Blog

Cloud Computing: It’s Not The Destination, It’s The Journey!

A Guest Blog By Dr. Robin Bloor, Bloor Research

For some companies, especially large ones, the big attraction of the cloud is cost. The simple fact is that data centers are expensive to build and expensive to run. Of course cloud data centers are expensive to run too, but the big cloud vendors got going at a propitious time. They got to choose where to locate their data centers - in cooler climates close to sources of cheap electricity in areas where labor was relatively inexpensive. If you compare such data centers to those that were built before the Internet began to change everything, for example by banks and other big IT users in the financial sector, it’s clear that there are huge cost savings to be had.

So why haven’t the big banks either moved a great deal of their applications to run in the public cloud, or perhaps better, built their own cloud data centers and gradually migrated applications from expensive data centers in places like New York and Los Angeles, to inexpensive data centers near hydroelectric power stations in Washington State?

The Advantage of the Green Field

There is an obvious explanation. It’s about flexibility. If you set up a public facing cloud infrastructure service, you get to decide what applications run in it. You can structure the service and pricing so that only the convenient and profitable applications run in your cloud. In short you get to choose the applications.

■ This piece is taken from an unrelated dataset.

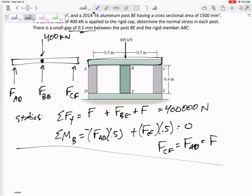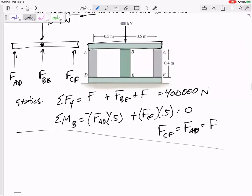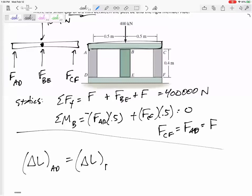So I still need a compatibility equation. This is a rigid cap. The delta L of AD and CF will equal the delta L of BE — but they'll be off by a gap. Let me think about whether to put plus or minus that gap. They're going to be off by that gap.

In reality, large financial sector companies don’t have many such applications that can be easily transported from the data center into the cloud. Many of their applications are running on mainframes or large Unix clusters - not the commodity servers of the cloud. And when you consider the applications that run quite happily on commodity x86 servers, migrating those applications is rarely a simple matter.

Database Intransigence

Moving an application from the data center to the cloud is not necessarily difficult. If it’s a stand-alone application that isn’t running 24x7, it’s simply a matter of copying. You set up a copy of the application environment. You create a database, you take a copy of the data and upload it, and when you’ve done all that, you’re probably good to go. Sure, you’ll need to test the configuration and maybe also application performance, but it’s likely to be fairly painless.

The situation is distinctly different when the database needs to be running all or most of the time. Such situations have become increasingly common in many areas of the financial sector. This is partly because the financial sector is global. It rarely sleeps and even when it takes a nap, it has to do so with one eye open, because the Internet is always awake.

This situation is exacerbated by the fact that nowadays there are more and more dependencies between applications. Some of these dependencies derive from regulatory requirements. When you are managing risk, you may need to be able to generate snap-shots of the state of multiple applications and data sets at exactly precise times - perhaps even globally. This naturally increases the availability requirement for applications.

Other dependencies derive from the way we do IT. In the past ten years or so we have built systems that share functionality through what is called Service Oriented Architecture. This software architecture reducing a great deal of duplication but it does so at the expense of creating application dependencies.

When you have direct dependencies across many applications, if you want to migrate some of them to the cloud, you probably need to move them all. You will want to avoid direct application-to-application calls going between the data center and the cloud. Consequently groups if applications often have to migrate together. The most difficult part of this migration is moving the databases.

The Data Journey

Moving data takes time. Moving a great deal of data can take considerable time. If the applications are running 24x7 or if the level of dependency between applications is high you have to be able to switch over from running in the data center to running in the cloud almost instantly. This takes some arranging.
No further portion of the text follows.